1. Pulling via Polling
2. Pushing via Consistent Hashes
3. Pushing via Pub/Sub

Pulling via Polling

• Have a database where we can store the updates (e.g. all of the messages in the chat room), and from this database our clients can pull the updates they need when they can,
• When to use ?
  • Pull-based polling is great when you want your user experience to be somewhat more responsive to changes that happen on the backend, but responding quickly is not the main thing.

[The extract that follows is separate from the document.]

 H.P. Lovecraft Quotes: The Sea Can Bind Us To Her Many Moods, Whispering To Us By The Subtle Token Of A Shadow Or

Generally speaking
• Things to Discuss ?
  • Talk about how you’re storing the updates.
  • If you’re using a database, you’ll want to discuss how you’re querying for the updates and how that might change given your load.

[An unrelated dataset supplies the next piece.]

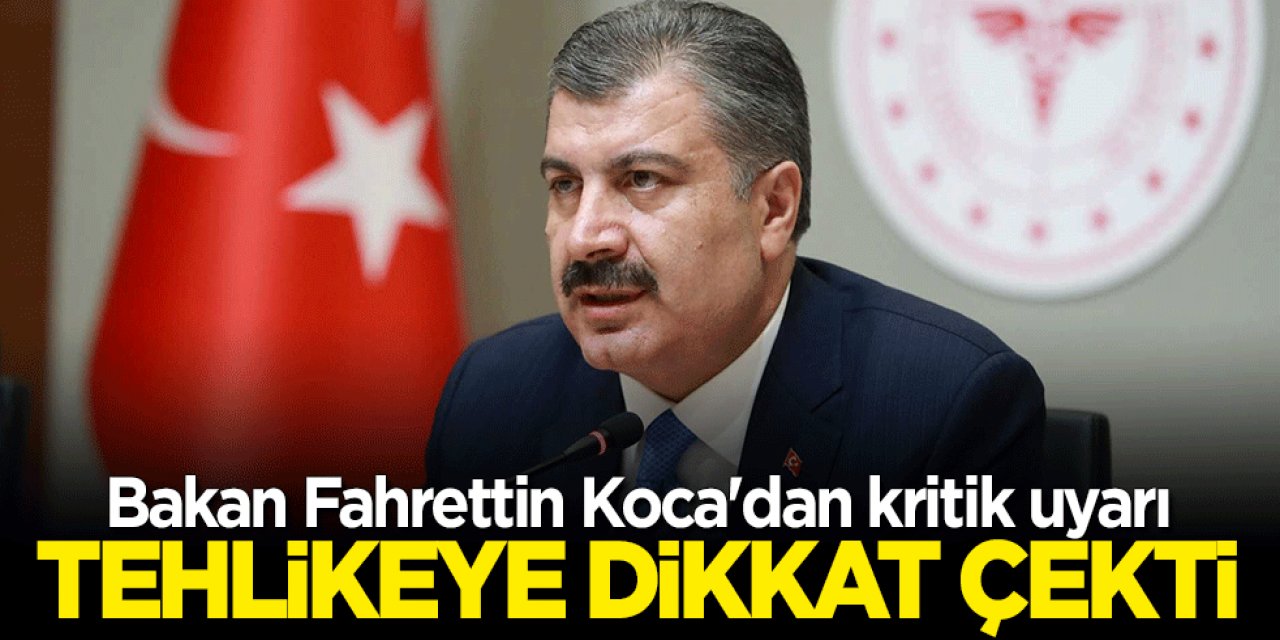 Sağlık Bakanı Fahrettin Koca'dan bir Kritik uyarı daha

Pushing via Consistent Hashes

• Problem ?
  • The client has persistent connection to one server and that server is responsible for sending updates to the client.
  • For our chat application, in order to send a message to User C, we need to know which server they are connected to.

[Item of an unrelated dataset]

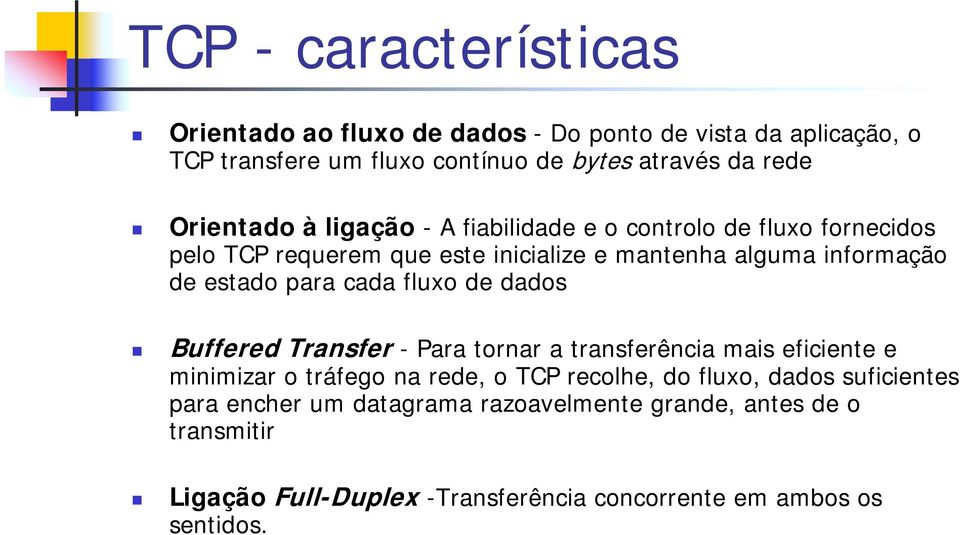 para cada fluxo de dados Buffered Transfer - Para tornar a transferência mais eficiente e minimizar o tráfego na rede, o TCP recolhe, do fluxo,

• Simple Hashing (Approach 1)

  • Central service that knows how many servers there are N and can assign them each a number 0 through N-1 (Zookeeper)
  • Randomly connect to any of the servers and have that server redirect them to the appropriate server based on internal data.

When a client connects, the following happens: 1. The client connects to a random server. 2. The server looks up the client’s hash in Zookeeper to figure out which server is responsible for them. 3. The server redirects the client to the appropriate server. 4. The client connects to the correct server. 5. The server adds that client to a map of connections.

DisAdv:

• Hashing approach works great when N is fixed, but becomes problematic when we need to scale our service up or down. With simple modulo hashing, changing the number of servers would require almost all users to disconnect and reconnect to different servers - an expensive operation that disrupts service.Consistent Hashing solves this problem

Consistent Hashing (Approach 2)

• Solves this by minimizing the number of connections that need to move when scaling. It maps both servers and users onto a hash ring, and each user connects to the next server they encounter when moving clockwise around the ring.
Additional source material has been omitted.